MATERIAL PROVIDED Start Marker

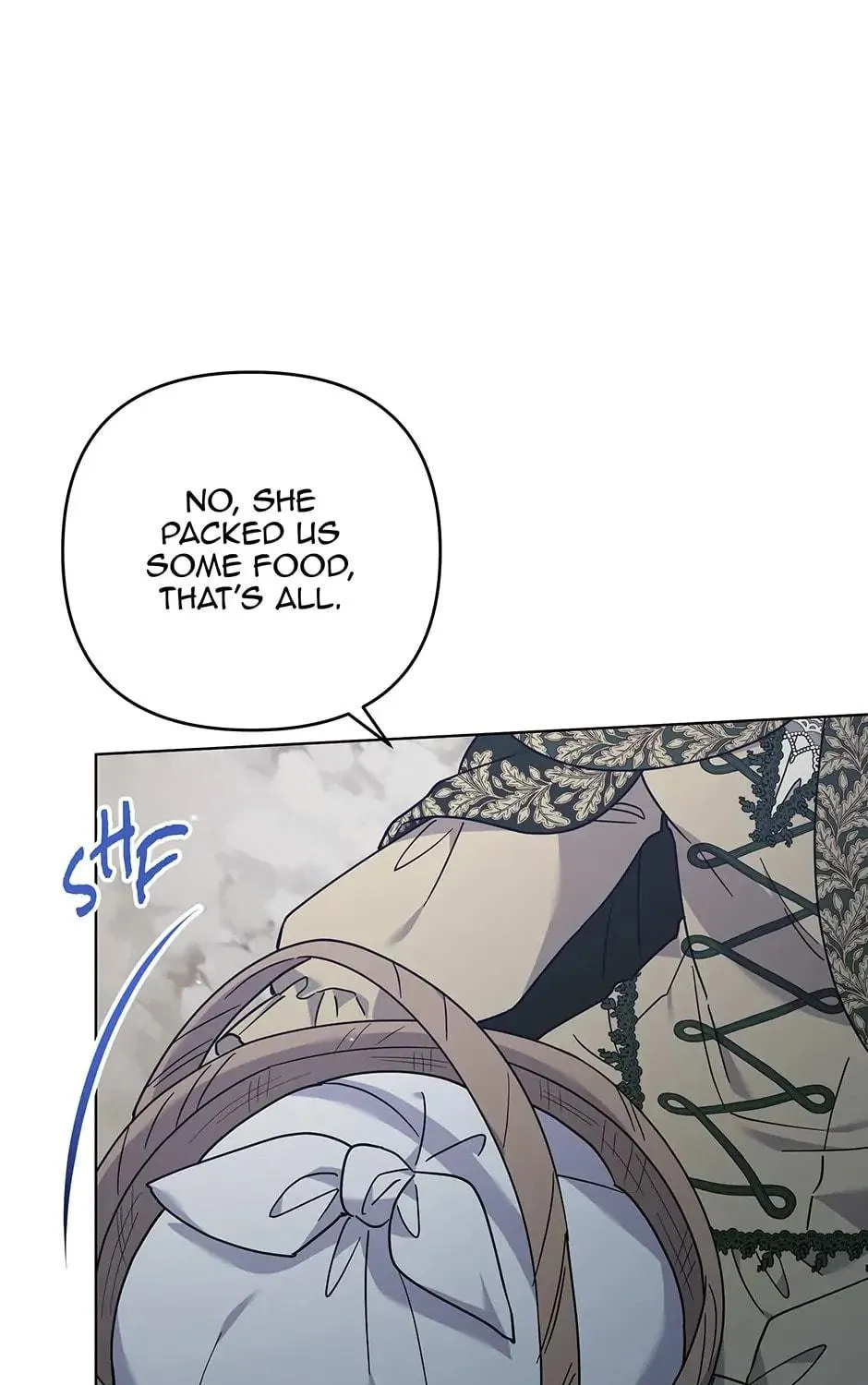 What It Means to Be You Chapter 141 page 9 - 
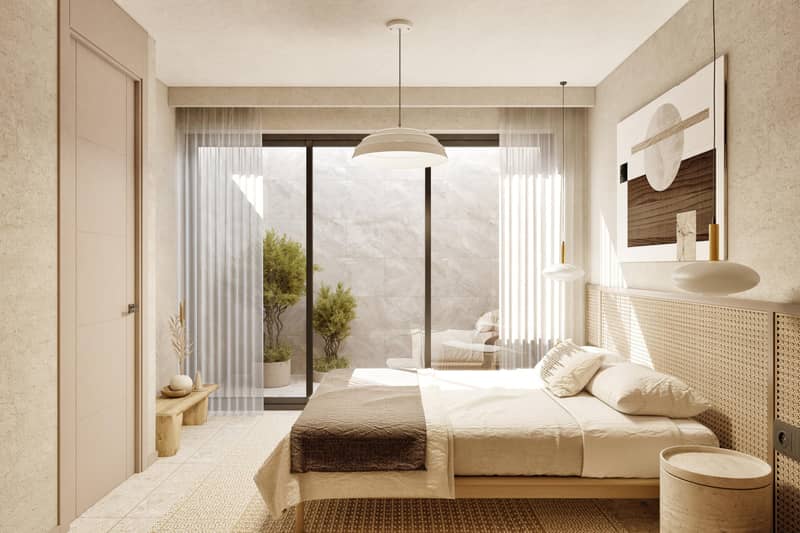 Exclusive residential complex of villas within walking distance to the beach, Gumusluk, Bodrum, Türkiye — photo 27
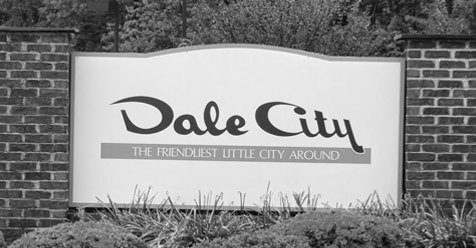 Dale City - Northern Virginia Checker Cab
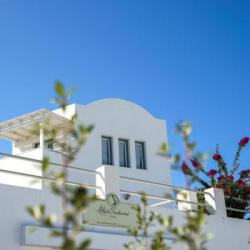 Imagine pentru Athiri Santorini Family Friendly Hotel Cazare - Santorini la hoteluri de 3* stele 2025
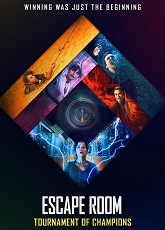 Escape Room: Tournament of Champions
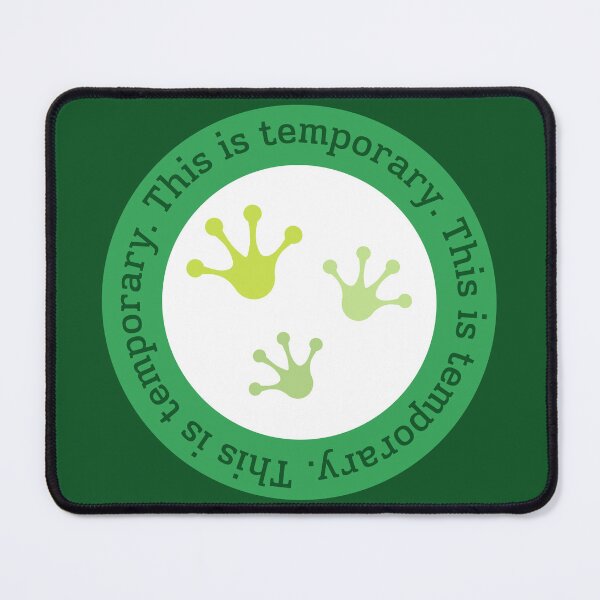 Item preview, This is temporary - Neverafter designed and sold by Pranoodle S.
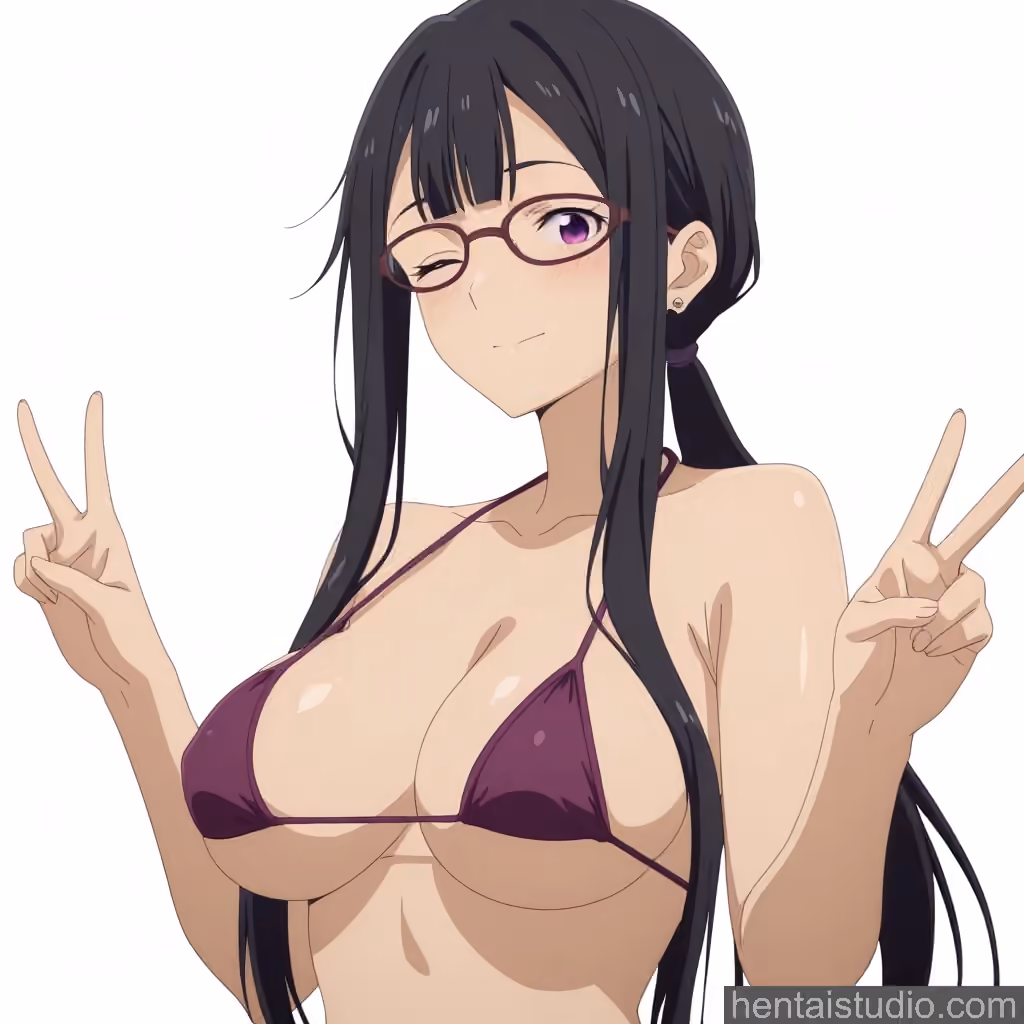 Koto Tsukinoki - Makeine: Too Many Losing Heroines! (Make Heroine ga Oosugiru!) - Hentai Gallery 2 - 109 Images — image 37 of 109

MATERIAL PROVIDED End Marker

EXERCISE AIM: Only the lines from the one containing "Dale City - Northern Virginia Checker Cab" through the last line of the data may appear in the answer, each given again exactly and with pictures left out.

WRITTEN ANSWER:
 Dale City - Northern Virginia Checker Cab
 Imagine pentru Athiri Santorini Family Friendly Hotel Cazare - Santorini la hoteluri de 3* stele 2025
 Escape Room: Tournament of Champions
 Item preview, This is temporary - Neverafter designed and sold by Pranoodle S.
 Koto Tsukinoki - Makeine: Too Many Losing Heroines! (Make Heroine ga Oosugiru!) - Hentai Gallery 2 - 109 Images — image 37 of 109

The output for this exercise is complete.